From NOAA's National Climatic Data Center, here's a chart that shows the number of disasters, and their cost, for every year since 1980:
As you can see, we're just halfway through 2011, and already eight extreme weather events in the United States have each caused more than a billion dollars in damage—a record since the National Oceanic and Atmospheric Administration began keeping tabs in 1980. The US has faced 99 weather-related disasters that cost at least $1 billion in the past 31 years, totaling $725 billion (when adjusted for inflation). But even though it's only halfway through, 2011 ranks second overall in total number.

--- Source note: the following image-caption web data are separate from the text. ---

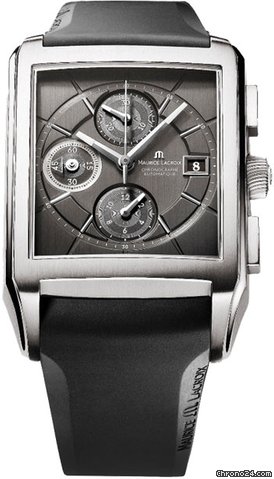 Maurice Lacroix Pontos Rectangulaire Chronograph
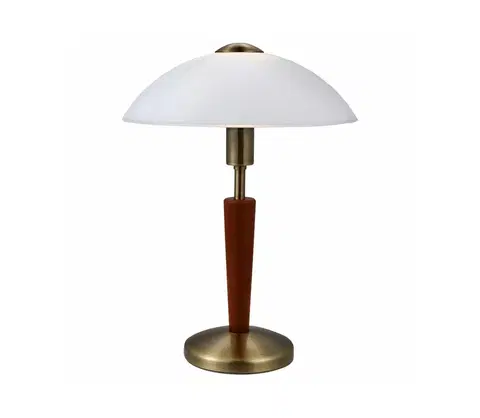 Lampy Eglo Eglo 87256 - Stmievateľná stolná lampa SOLO 1 1xE14/40W/230V 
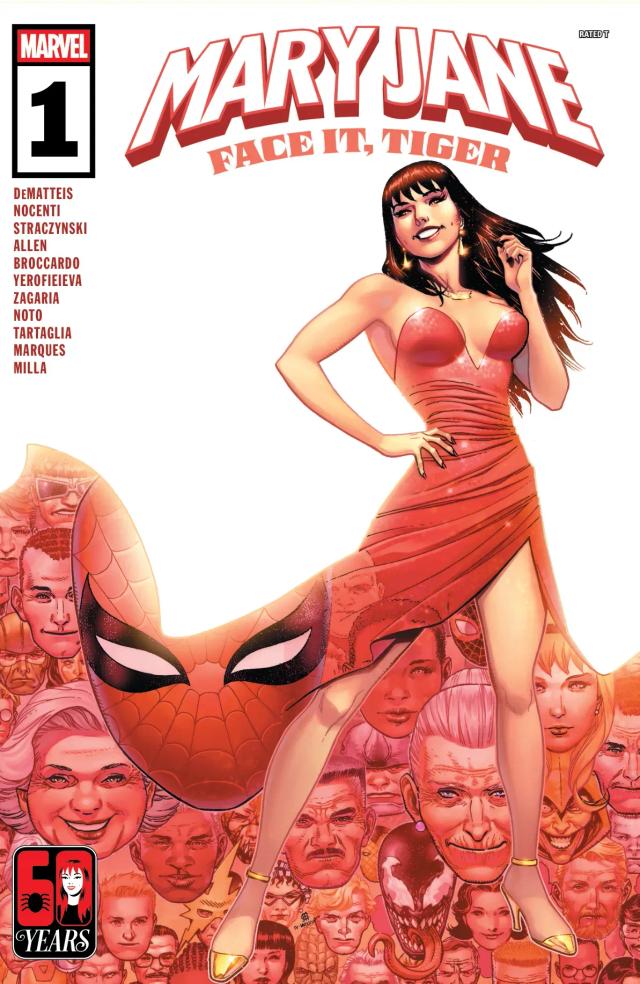 Cover for Mary Jane: Face It, Tiger issue 1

There have been $32 billion in damages caused by extreme weather events this year, which have included blizzards, tornados, floods, and wildfires, National Climatic Data Center director Tom Karl said last week. The NCDC, a division of NOAA, released a released these stats last week in the wake of this spring's tumult.
Hurricane season—which tends to yield some of the costliest weather events—just started on June 1. And we've barely seen the beginning of the summer heat.
While the economic costs are high, so, too, are the human. There have been 575 deaths from this year's weather events, the majority of them in the tornadoes in the Southeast and Midwest. The damage in Joplin, Mo. is a testament to the power of the most extreme among extreme weather events.
The weather-related disaster that people recall most immediately is Hurricane Katrina, which caused 1,833 deaths and caused $133.8 billion in damages. But drought and heatwaves have accounted for the two most catastrophic events to date: 10,000 deaths and $55.4 billion in damages in 1980 and another 7,500 deaths and $71.2 billion in damages in 1988.
Of course, we've always had severe weather events. And this year so far has been more extreme than most. But scientists have now warned repeatedly that we should expect extreme events more often in the future as the climate changes. It's safe to say we can expect more billion-dollar events down the line.